Skimming over the formation of this new Multi-Slayer reality in general also felt hamhanded to me. The 7th season of the show offered plenty of juicy unresolved "pinches" hanging, and after the first few issues I sensed that they were content to just leave them hanging permanently and start from scratch. In other words seemed like the "Season 8" thing was more a brand name for a reboot. Which, okay, but I couldn't get into it. For me the show was about the winding journeys of its various characters, and the comics seemed like they abrubtly stopped the car, picked a new destination, and made a hard left turn.

Date: Jul. 14th, 2010 06:58 pm (UTC)
From: [identity profile] lostboy-lj.livejournal.com
That's the thing I don't get - the way that personal opinions get turned into universal statements that everyone in fandom is obligated to agree with.

BECAUSE THIS IS TEH INTERNET AND IT IS SERIOUS BUSINESS!
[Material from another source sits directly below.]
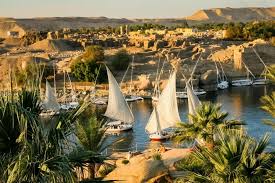 Egypte 2026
Well, anyway, you said you wanted discussion and that's what I think is happening here.

Frankly, there isn't much agreement about the show, either. How many people I've run afoul of that think Xander was supposed to be representative of a "racist" I swear I do not know. Hundreds? So, okay, that's how they experienced it. I don't have to think that's valid (I don't) or pretend it's valid for the sake of argument (I don't do that either). To me, opinons like these hold the same amount of water for me as people who don't think we landed on the moon. I just ignore it and keep on keepin' on.
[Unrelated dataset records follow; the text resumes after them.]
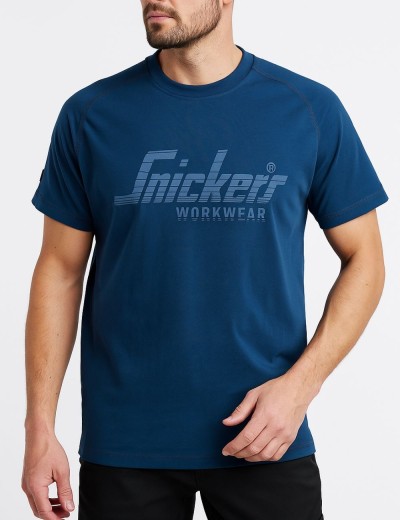 футболка Snickers 2590 AllroundWork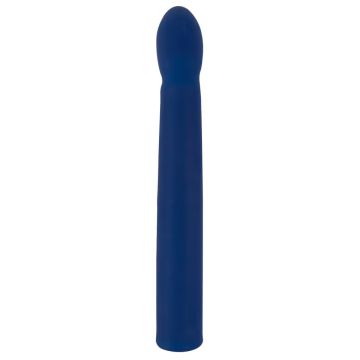 G-Spot Vibrator Flexibel - Blauw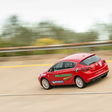 Opel Takes Diesel Speed Record with Astra 2.0 CDTI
Date: Jul. 14th, 2010 09:14 pm (UTC)
From: [identity profile] 2maggie2.livejournal.com
The batman post was definitely a response. :) If we're going to do it all above the line, as it were, I figured I should have my views represented above the line. Also, batman! I really do love Adam West's batman!

I get your rant -- fandom is frustrating. My adamence on this has to do with the specific form of the argument, which I regard as unfair. See Gabs reply to my batman post for another articulation of the same thing. It is not meant to be an adamence that people can't dislike season 8. I don't claim objectivity for my general reaction to the comics. Heck, I'm not even sure what my reaction will end up being -- I'm very far from saying "it's great" as is. I just think this one particular form of argument is unfair. It's all been blown up way out of proportion to the original sentiment, however --though as consolation, it generated a nice back and forth between me and flake sake on my thread, and I've learned some stuff from her and others.
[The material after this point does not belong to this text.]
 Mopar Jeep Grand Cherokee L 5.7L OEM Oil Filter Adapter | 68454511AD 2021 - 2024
Date: Jul. 13th, 2010 11:53 pm (UTC)
From: [identity profile] mikeda.livejournal.com
See I disagree with the basic premise of the criticism. I think S8 IS Buffy , in tone, in characterization, in everything that matters to me. What the characters are dealing with, and how they are reacting flows from the previous seasons as naturally as any of the previous seasons flowed from what came even earlier.

(The Retreat/Twilight arc in particular is much like Spiral/The Weight of the World writ large. Except that Buffy doesn't need Willow's help this time to leave her refuge.)

Date: Jul. 14th, 2010 02:22 am (UTC)
From: [identity profile] lostboy-lj.livejournal.com
Well, weirdly, it seems like I've read more Promethea then anyone else here arguing about it. I got an inside man (well, woman) at DC comics who hands me arseloads of comics to read every time I see her, because she has this screwy idea that I could write them. She seems to think I can write some good "Wonder Woman." Go figure...

Anyway, Promethea didn't impress me. It seemed high-hatted and cloying in its politics, and I just couldn't get that smelly, stinky awkward fix of humanity that I want in a story. I'm not a huge fan of Season 8, but comparing it unfavorably to Promeathea seems like comparing rotten apples to rotten oranges. My $0.02.

Date: Jul. 14th, 2010 04:23 am (UTC)
rahirah: (Default)
From: [personal profile] rahirah
I think B&R fails not because it's trying to tell a comic story about a serious subject - comic superheroes in general and Batman in particular are ripe for parody. B&R's problem is not that it's comedy, but that it's just not that funny.